SWIFT: Sliding Window Reconstruction for Few-Shot Training-Free Generated Video Attribution¶

Conference: CVPR 2026 arXiv: 2603.08536 Code: GitHub Area: Video Generation Keywords: Generated video attribution, 3D VAE, sliding window reconstruction, training-free, temporal consistency

TL;DR¶

SWIFT introduces the novel task of "few-shot training-free generated video attribution," exploiting the temporal mapping property of 3D VAEs — where \(K\) pixel frames correspond to a single latent frame — by performing two reconstructions (normal and corrupted) via fixed-length sliding windows. The ratio of reconstruction losses over overlapping frames serves as the attribution signal. Using only 20 samples, SWIFT achieves over 90% average attribution accuracy, with a 5-model average of 94%.

Background & Motivation¶

Background: Video generation technologies (HunyuanVideo, Wan2.1/2.2, EasyAnimate, etc.) are advancing rapidly, all adopting 3D VAE + DiT architectures. Generated videos risk being misused for disinformation or intellectual property infringement.
Limitations of Prior Work: Existing attribution methods fall into two categories: (1) active watermarking requires embedding operations that may degrade video quality; (2) training-based passive attribution requires large amounts of training data and must be retrained for each new model.
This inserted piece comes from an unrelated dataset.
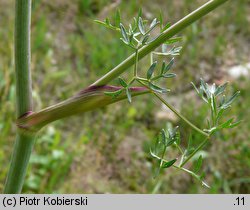 Peucedanum oreoselinum (gorysz pagórkowy)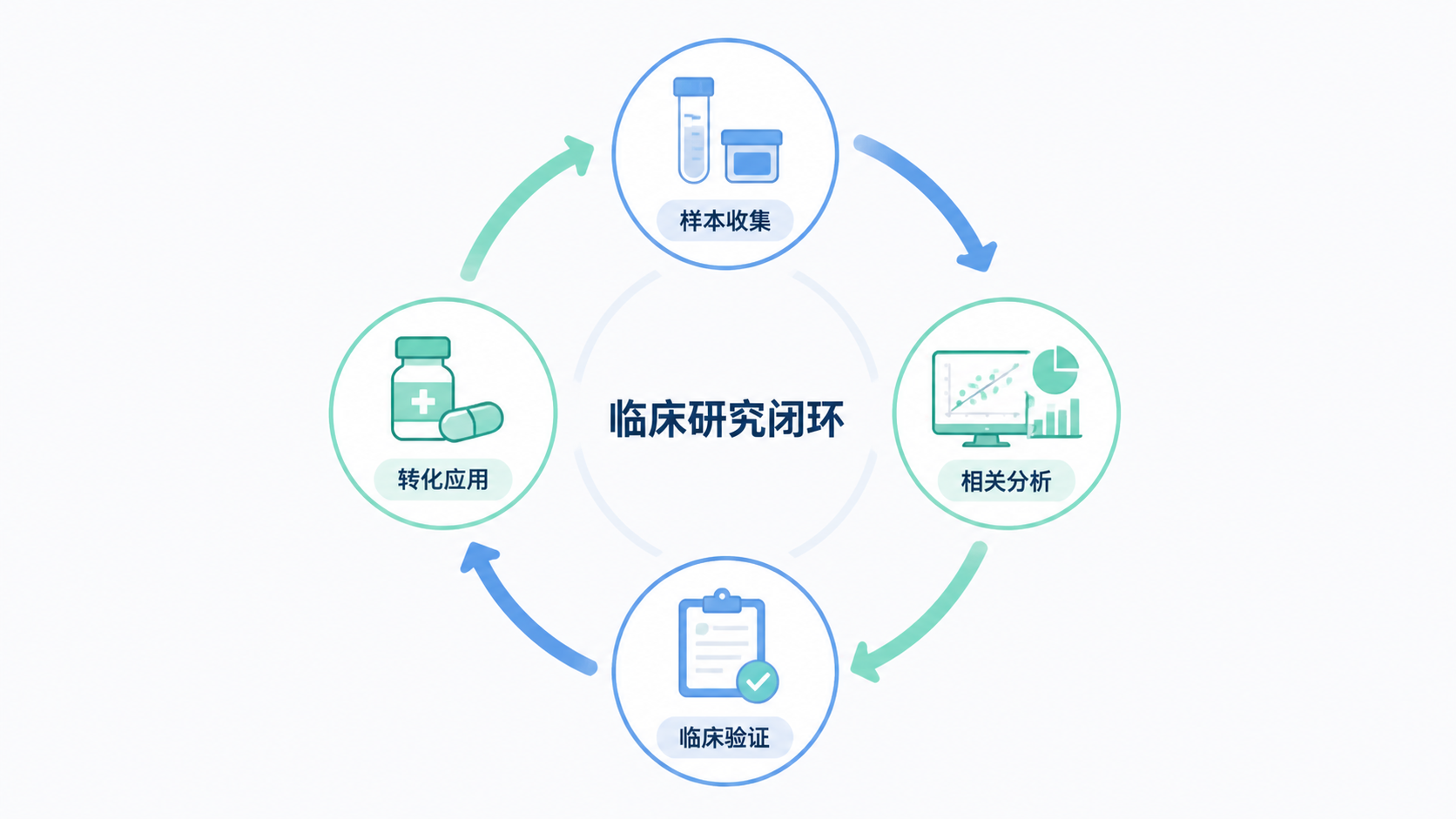 临床研究流程闭环图，展示样本收集、相关分析、临床验证、转化应用四个步骤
Image attribution methods (RONAN/LatentTracer/AEDR) suffer significant accuracy drops when transferred to video.
Key Challenge: Image attribution methods focus solely on spatial consistency, ignoring the temporal consistency constraints inherent in video data, making them ineffective against sequence-correlated perturbations.
Goal: How to achieve reliable generated video attribution without training and with only a small number of samples, by leveraging the temporal characteristics of video?
Key Insight: State-of-the-art video generation models employ 3D VAEs that perform temporal up/downsampling (typically with compression ratios of 4 or 8), naturally forming a "\(K\) pixel frames \(\leftrightarrow\) 1 latent frame" temporal mapping. Videos generated by a target model satisfy that model's VAE distribution when chunk-aligned, whereas non-attributed videos do not.
Core Idea: By using a sliding window to break temporal alignment — thus "corrupting" the reconstruction — videos belonging to the target model exhibit a significant loss discrepancy between normal and corrupted reconstructions, while non-attributed videos do not.

Method¶

Overall Architecture¶

Given a test video and the 3D VAE of a target model, SWIFT proceeds in three steps: (1) define a fixed-length sliding window; (2) perform normal and corrupted reconstructions separately and compute the loss ratio over overlapping frames as the attribution signal; (3) use KDE to determine a threshold and make the attribution decision. The entire process requires only white-box access to the target model's VAE encoder-decoder, with no model training required.

Key Designs¶

Fixed-Length Sliding Window:
- Function: Defines two windows for contrastive reconstruction — one maintaining temporal alignment (normal) and one breaking it (corrupted).
- Mechanism: Given a video with \(KN\) frames (\(K\) = temporal compression ratio, \(N\) = number of chunks), the window size is \(K(N-1)\) frames. The normal window \(W_0\) starts at frame 1; each chunk within it satisfies the VAE's temporal mapping in both frame composition and position. The corrupted window \(W_{K-1}\) is shifted forward by \(K-1\) frames, placing every frame into the wrong chunk position, maximally disrupting temporal consistency. When \(j \bmod K = 0\), the normal window is used; when \(j \bmod K \neq 0\), the corrupted window is used.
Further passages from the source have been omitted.